Larger Than Memory Data Workflows with Apache Arrow and Ibis

This the website for the workshop “Larger Than Memory Data Workflows with Apache Arrow and Ibis” taught at the J on The Beach conference on May 10th, 2023.

Abstract

As datasets become larger and more complex, the boundaries between data engineering and data science are becoming blurred. Data analysis pipelines with larger-than-memory data are becoming commonplace, creating a gap that needs to be bridged: between engineering tools designed to work with very large datasets on the one hand, and data science tools that provide the analysis capabilities used in data workflows on the other. One way to build this bridge is with Apache Arrow, a multi-language toolbox for working with larger-than-memory tabular data. Arrow is designed to improve performance and efficiency, and places emphasis on standardization and interoperability among workflow components, programming languages, and systems. We’ll combine the power of Arrow for compressing data into its most compact form with Ibis for data analysis in Python.
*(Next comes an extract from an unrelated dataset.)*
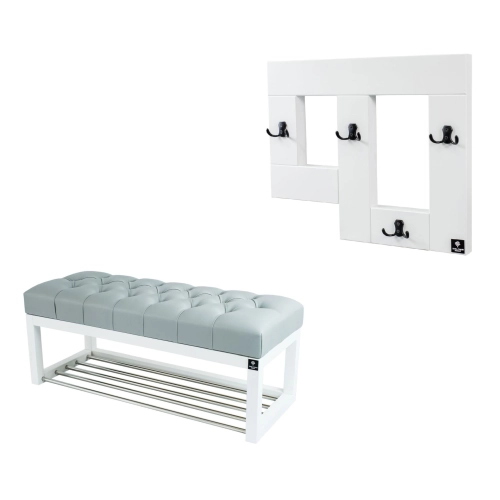 Ławeczka Pufa Pikowana Ekoskóra Popiel Guzik Tapicerowany LPP-4 + Wieszak Ścienny WDC-19 Kolory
Ibis is a pandas-like, Python interface that allows you to do robust analytics work on data of any size. It does this by letting you choose from a range of powerful database engines that can process your data queries. In this workshop we’ll be working with a very large dataset and drawing insights from it all from our local machine.

Introduction

Ice-Breaking Activity

Type in the chat:

  • what you know about Apache Arrow in one sentence
  • what you know about Ibis in one sentence

What You’ll Learn

By the end of this tutorial you will learn:

  • How to access and convert large CSV files into Parquet using Apache Arrow
  • How changing CSV files into parquet compresses them efficiently letting you work with them on your local machine
  • How to analyse larger than memory parquet files using Ibis
  • How to drawing interesting insights from the PUMS census dataset efficiently
  • How to switch between and local and remote database using Ibis

Demonstration

Demonstration of what the training is working towards. The instructor will go through some slides explaining the dataset, Arrow and Ibis

Specifics:

  • Introduction to PUMS
  • What to consider when working with large datasets
  • Introduction to Apache Arrow
  • Introduction to Ibis

Overview of the Training

  • Importing data in the Apache Arrow ecosystems, what are the different file formats, how do they differ, which ones to use?
  • Learning how to use Ibis for data wrangling on Parquet files
  • Use Ibis with remote data sources: Snowflake (demo to try at home)

Diagram showing the components that will be covered during the workshop. We will use PyArrow to convert CSV files into Parquet. We will use Ibis to query the data in the Parquet format. We will also use Ibis to query the data stored in Snowflake.

Diagram showing the components that will be covered during the workshop (black arrows). Ibis uses different engines to interact with the data (in orange). Dashed, gray arrows show things that are possible but not covered in the workshop.